» Instructions to follow:
Your response should be an exact reproduction of the data below, beginning at the line containing "I Sleep Around" and ending with the final line.

» Material provided:
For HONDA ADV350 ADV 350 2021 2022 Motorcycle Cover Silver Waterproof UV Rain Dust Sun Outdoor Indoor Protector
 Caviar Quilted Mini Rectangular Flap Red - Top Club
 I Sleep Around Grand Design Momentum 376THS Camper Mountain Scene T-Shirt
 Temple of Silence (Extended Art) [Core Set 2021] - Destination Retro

» Exercise answer:
 I Sleep Around Grand Design Momentum 376THS Camper Mountain Scene T-Shirt
 Temple of Silence (Extended Art) [Core Set 2021] - Destination Retro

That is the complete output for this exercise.